Chipotle strengthens buy-local stance in Pacific Northwest
By Lee van der Voo, Sustainable Business Oregon
Sustainable Business Oregon
Chipotle is buying corn chips and tortillas from Salem-based Don Pancho.
Chipotle Mexican Grill’s growing commitment to locally grown ingredients has ramped up purchasing from food suppliers in Oregon and Washington, with benefits for Salem-based Don Pancho Authentic Mexican Foods Inc.
The growing focus on locally supplied food ingredients at Chipotle stems from its “Food with Integrity” initiative, which founder Steve Ells has used to press the chain’s ingredient quality toward increasingly sustainably grown and naturally raised products since 2001.
The expanded purchasing in the Northwest follows a commitment to serve 10 million pounds of locally grown produce in its restaurants in 2011, doubling the amount of locally grown produce served in Chipotle restaurants in 2010. Other food ingredients are also being sourced locally, including tortilla chips and wraps from Don Pancho.

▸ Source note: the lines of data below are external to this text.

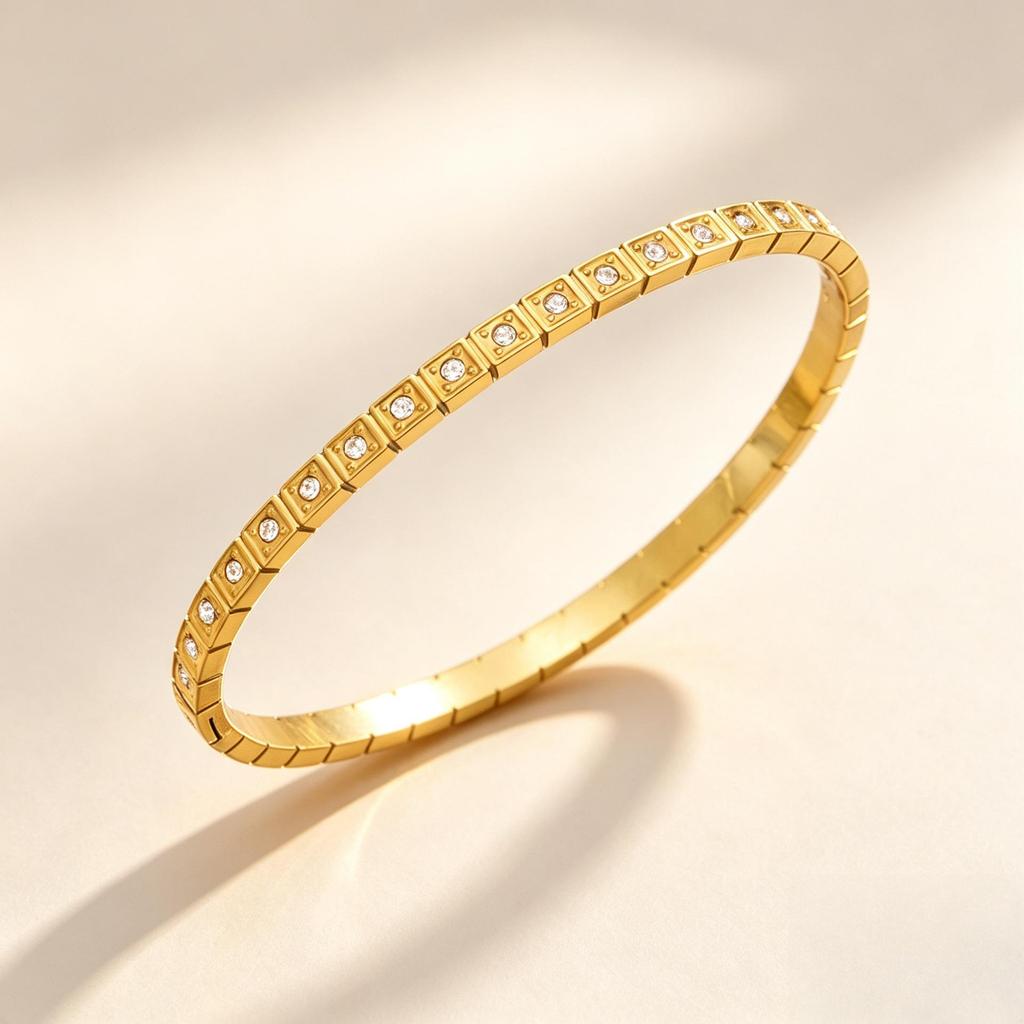 Women's Zircon Starry Titanium Steel Bracelet - Elegant European & American Fashion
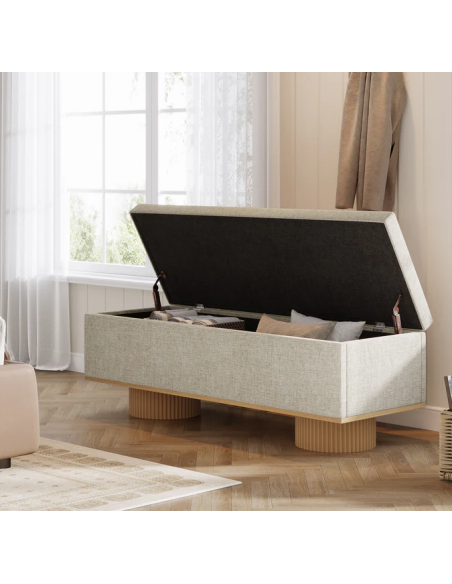 bænk entre garderobe soveværelse moderne design skobænk træ opbevaring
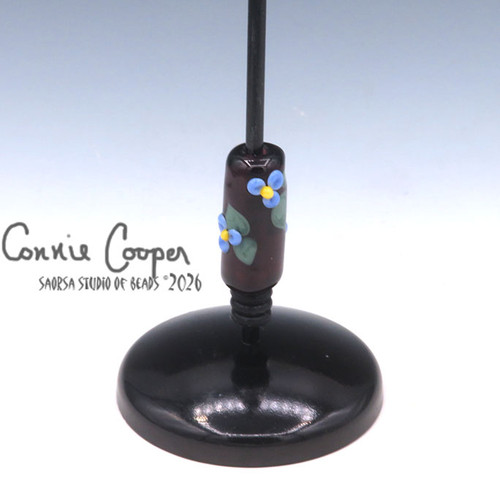 Bead,  Dk Amethyst w/Blue Floral LBF26-8004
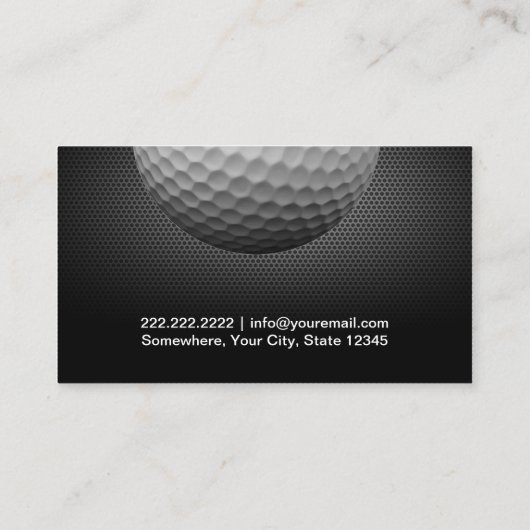 Golf Ball Metal Background Professional Golf Visitekaartje (Achterkant)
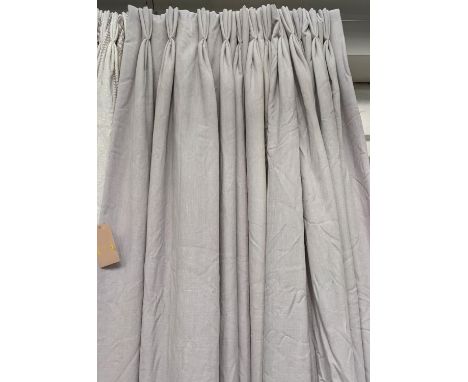 CURTAINS, a pair, lined and interlined plain woven fabric, 80cm x 230cm drop. (2) 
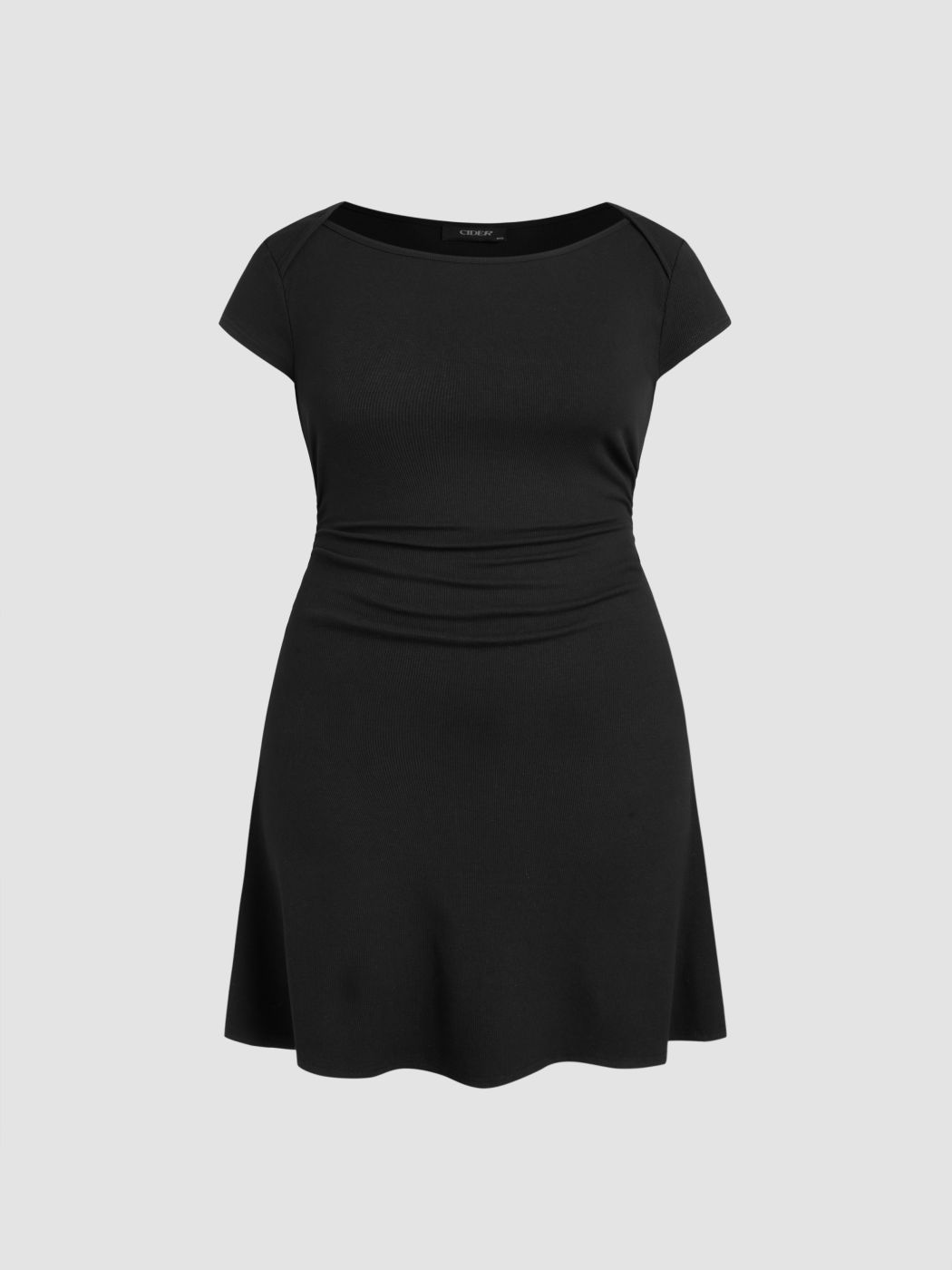 Cotton-blend Boat Neck Ruched Mini Dress Curve & Plus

Chipotle Mexican Grill has 1,100 restaurants nationally, including 13 in Washington and 12 in Oregon. It employs roughly 26,500 people. The food chain has focused its purchasing within 350 miles or nearer of restaurants served.
In Oregon and Washington, Chipotle is purchasing red onion from Curry & Company in Brooks, jalapenos and green pepper from Fewel Farms in Prosser, Wash., oregano from HerbCo International in Duvall, Wash. and tortilla chips and 13-inch round tortillas from Don Pancho in Salem.
Tom Hoffert, national food service account manager with Don Pancho, said the growing relationship with Chipotle has been healthy for the business, which employs 300 people manufacturing tortilla chips and wraps.
“It’s a significant amount of business. We really appreciate their doing business with us and hopefully they appreciate the great quality as well,” he said.
Hoffert said he could not provide details on the exact quantity of chips and tortillas purchased by Chipotle, or where the future of the partnership between the two companies might lead. But he indicated he expected the partnership to grow and that the business would enable Don Pancho to continue to bolster its workforce and extend the company’s five-year hiring trend.
"The Chipotle piece has definitely contributed toward our growing our employment bas here in Salem,” he said.
Chipotle officials say the tortillas are served at restaurants in Nyberg Woods shopping center in Tualatin, the Washington Green restaurant in Whitford and in Salem locations.
Chris Arnold, communications director for Chipotle, said the decision to source ingredients locally was about serving better tasting food and doing what the chain's operators see as the right thing — more so than gaining a competitive advantage by capitalizing on the eat-local trend.
"Our commitment to serving ingredients from more sustainable sources goes back more than a decade, and we do more of it than anyone. Chipotle serves more naturally raised meat — from animals that are raised in a humane way and never given antibiotics or added hormones — than any other restaurant. We are the only national restaurant company with significant commitments to local and organically grown produce," he said.
Arnold said Chipotle was the first national restaurant company to serve dairy products made with milk from cows not treated with synthetic hormones. It announced in June of last year that all of the beef used in its barbacoa, a spicy shredded beef, is now naturally raised.
The move solidified Chipotle’s place as the largest restaurant seller of naturally raised meat following similar decisions with chicken and pork, in part through purchasing from Country Natural Beef in summer 2010. A Food Alliance-certified, cooperative brand, Country Natural Beef is produced by 120 ranchers spanning 12 states. It was conceived as a niche product in Eastern Oregon. The Chipotle partnership was the first major partnership for Country Natural Beef to signal broad, mainstream appeal for its naturally raised meats, which had previously been sold through grocery chains and Burgerville where natural foods were an emphasis.